═══ EXCERPTED DATA

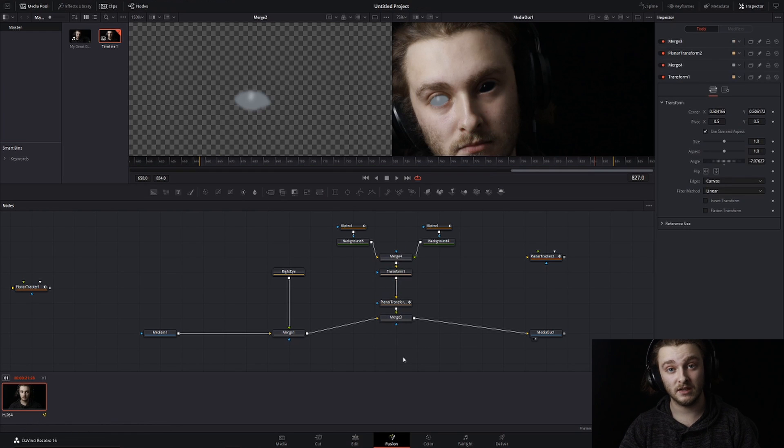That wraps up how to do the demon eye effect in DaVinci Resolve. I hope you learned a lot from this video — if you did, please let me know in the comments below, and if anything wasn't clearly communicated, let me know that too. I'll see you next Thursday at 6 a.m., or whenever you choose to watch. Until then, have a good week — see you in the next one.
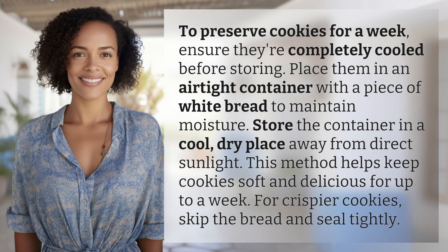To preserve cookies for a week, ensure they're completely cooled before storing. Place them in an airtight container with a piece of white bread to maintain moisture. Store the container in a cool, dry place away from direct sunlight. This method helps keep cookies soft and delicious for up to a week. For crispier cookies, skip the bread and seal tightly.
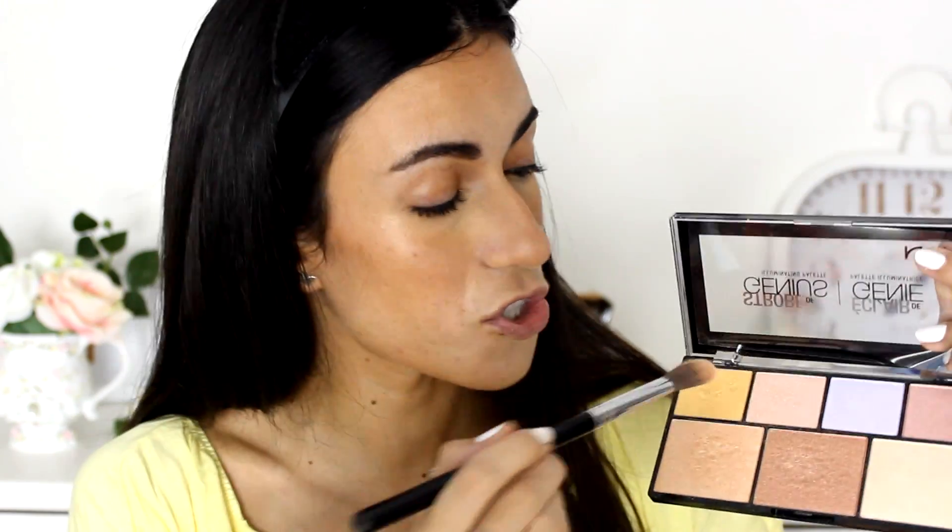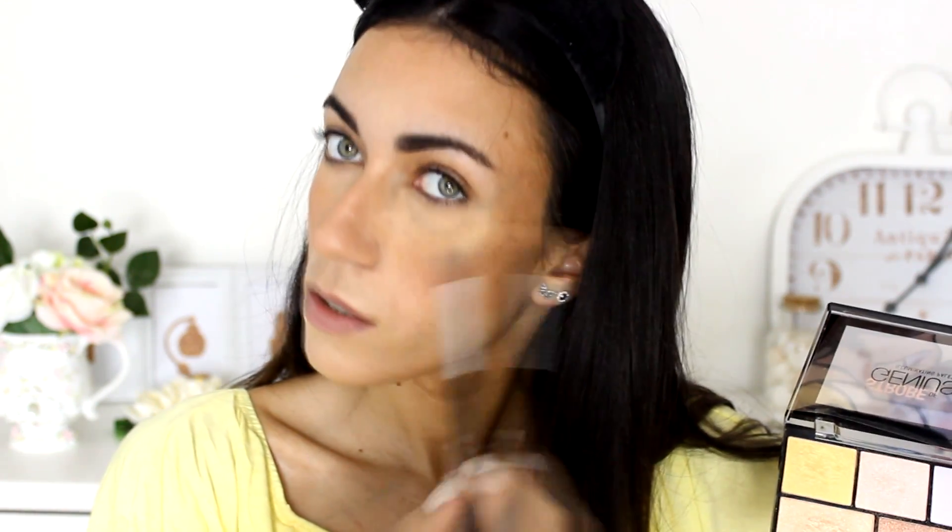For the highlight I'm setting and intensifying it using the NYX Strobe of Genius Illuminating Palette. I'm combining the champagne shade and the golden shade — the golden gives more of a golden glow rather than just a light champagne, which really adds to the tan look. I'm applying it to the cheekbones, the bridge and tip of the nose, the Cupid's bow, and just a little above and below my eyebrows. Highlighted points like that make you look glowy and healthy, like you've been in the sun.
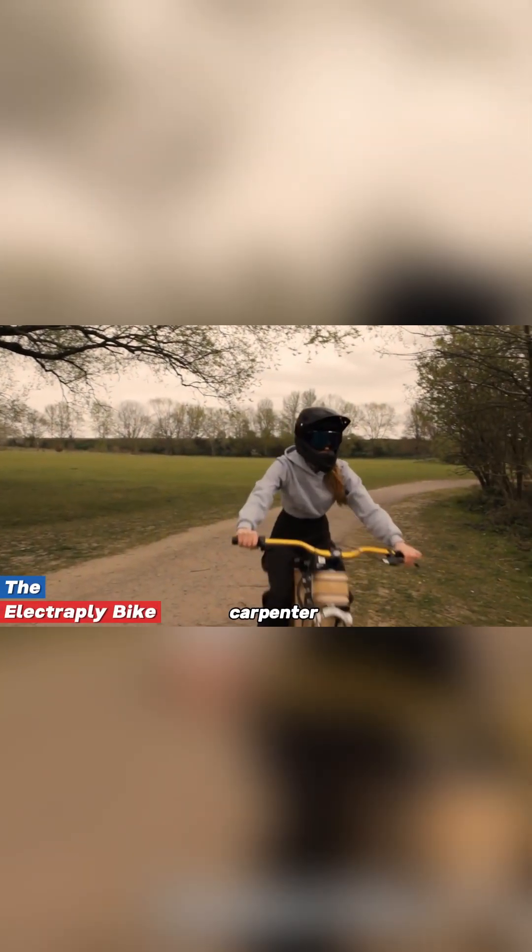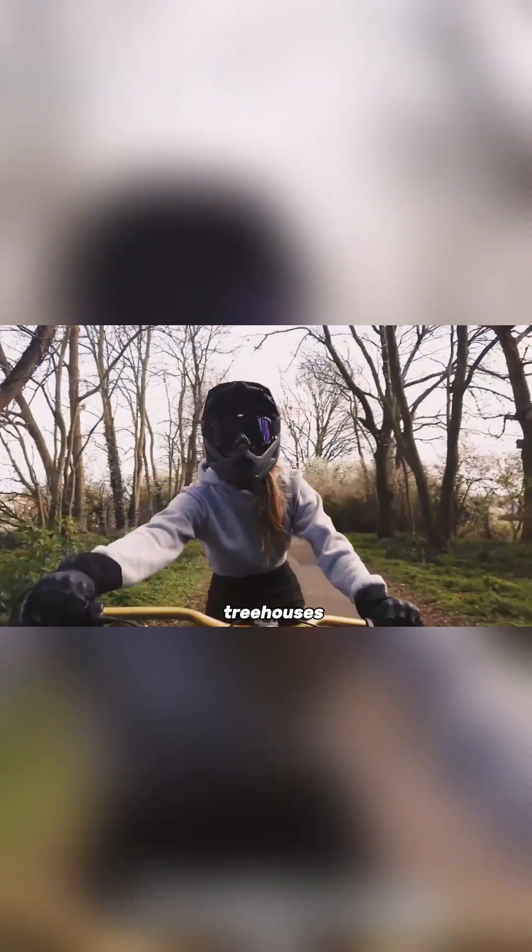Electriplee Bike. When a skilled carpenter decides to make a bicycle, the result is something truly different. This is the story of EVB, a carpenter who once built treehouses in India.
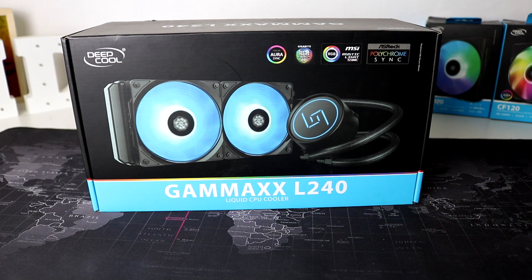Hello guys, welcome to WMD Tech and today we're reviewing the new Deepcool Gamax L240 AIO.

══════

INSTRUCTIONS FOR THE TASK ::
Write the records above out again word for word, skipping each picture.

ANSWER FOR THE TASK ::
That wraps up how to do the demon eye effect in DaVinci Resolve. I hope you learned a lot from this video — if you did, please let me know in the comments below, and if anything wasn't clearly communicated, let me know that too. I'll see you next Thursday at 6 a.m., or whenever you choose to watch. Until then, have a good week — see you in the next one.
To preserve cookies for a week, ensure they're completely cooled before storing. Place them in an airtight container with a piece of white bread to maintain moisture. Store the container in a cool, dry place away from direct sunlight. This method helps keep cookies soft and delicious for up to a week. For crispier cookies, skip the bread and seal tightly.
For the highlight I'm setting and intensifying it using the NYX Strobe of Genius Illuminating Palette. I'm combining the champagne shade and the golden shade — the golden gives more of a golden glow rather than just a light champagne, which really adds to the tan look. I'm applying it to the cheekbones, the bridge and tip of the nose, the Cupid's bow, and just a little above and below my eyebrows. Highlighted points like that make you look glowy and healthy, like you've been in the sun.
Electriplee Bike. When a skilled carpenter decides to make a bicycle, the result is something truly different. This is the story of EVB, a carpenter who once built treehouses in India.
Hello guys, welcome to WMD Tech and today we're reviewing the new Deepcool Gamax L240 AIO.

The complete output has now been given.